We too must see the person in front of us, not merely as a symbol of a system that requires a technical interpretation, but as a person who, as a person, bears the image and likeness of God. We cannot settle for the position that racial discord is simply a matter of systemic sin; because if it were only a matter of systemic sin — there would be no hope for justice or redemption, and we could easily excuse ourselves from the Christian duties of penance, reconciliation, and restitution. Our hope is not in ourselves but in God Almighty, Who loves us enough to offer to save us from ourselves and loves us so much that He invites us to join Him in His saving work just as he invited Peter Claver and his co-workers. The scourge of sins of racism is not in some abstract and bureaucratic system, but rather our own sinful commission or omission of actions prompted by our own refusal to listen attentively for God’s voice and to act on it.

This refusal to pray forms a sinful indifference within our souls to God and to our brothers and sisters most in need. For as we hear from Jesus in today’s Gospel, when the Son of Man comes in glory accompanied by His angels He will discriminate and He will judge not by skin color, not by politics or religion, not by language or culture, but by the actions and care of those who recognized and loved Him in others most in need as distinguished from those who did not even bother to care. The sheep and the goats in today’s parable ask the same questions of the Son of Man. The difference is that the former ask the questions out of a sense of awe while the latter ask the questions out of surprise born of their indifference. The difference is that the former have acted out of compassion born of prayer then followed by the words of the Gospel, while the latter have omitted prayer and begun and ended with empty and sinful words, the bitter fruit of inaction.

As priests and seminarians who are here because we are men of prayer, we have no choice but to follow the example of Peter Claver in preaching by our actions the Godlike dignity of every human being in the face of racial enmity born of sin. The Gospel required does not advocate a change in society brought about by violent acts of anarchy; the Gospel required is not the ideological warping of our language; the Gospel required is not the revision of history; the Gospel required is my own conversion of heart and your own conversion of heart to pray and to love others by how we act and then by how we speak to every human person as possessing a mysterious dignity as Christ among us. 

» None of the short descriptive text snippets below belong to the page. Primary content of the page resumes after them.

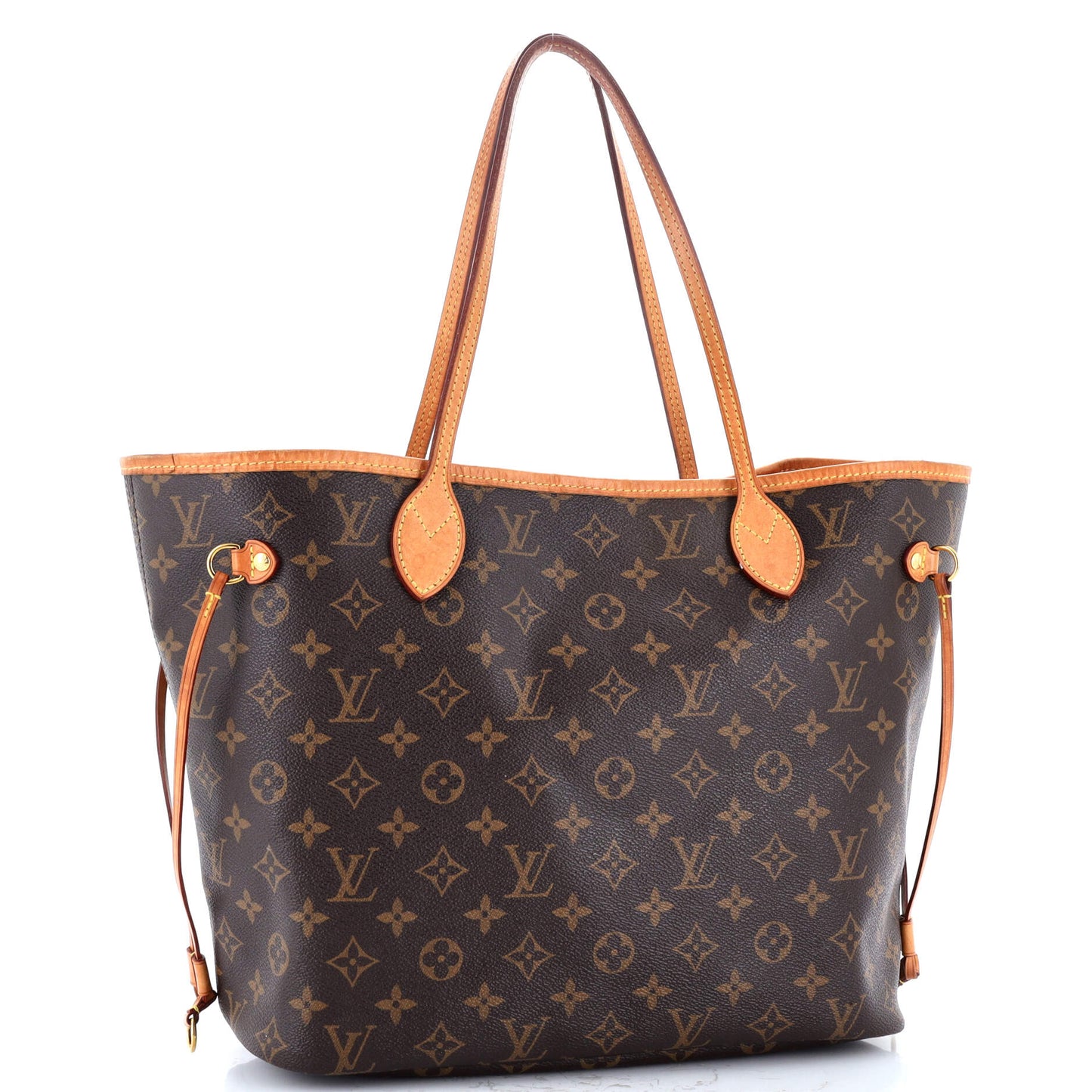 Neverfull Tote Monogram Canvas MM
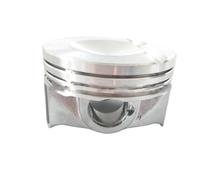 Piston Ring Set 4 Pcs 06H107065DM Compatible With CC A3 A4 Q5 EA888 2.0T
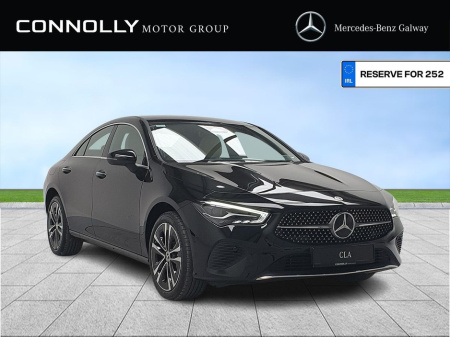 2025 Mercedes-Benz CLA Class CLA 250e PHEV Progressive Line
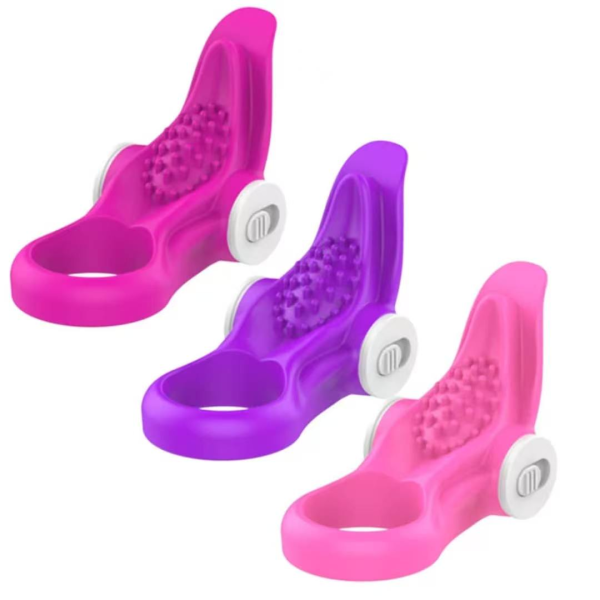 Anneau Pénien Rabbit Vibrant Ken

This shared mission entrusted to us by Christ requires prayer on each of our parts for a renewed gratitude and celebration of our common humanity; a humanity that can be expressed by us but not mastered by us, a humanity that must not be exploited by us, nor perverted of its meaning by us. As Pope Francis spoke on this date in 2017 at the Shrine of Saint Peter Claver in Cartagena, “In short, the demand is to build peace, as Peter Claver said while ‘speaking not with the tongue but with hands and works,’ and to lift up our eyes to heaven together. The Lord is able to untangle that which seems impossible to us; He has promised to accompany us to the end of time and will not allow our efforts to come to nothing.”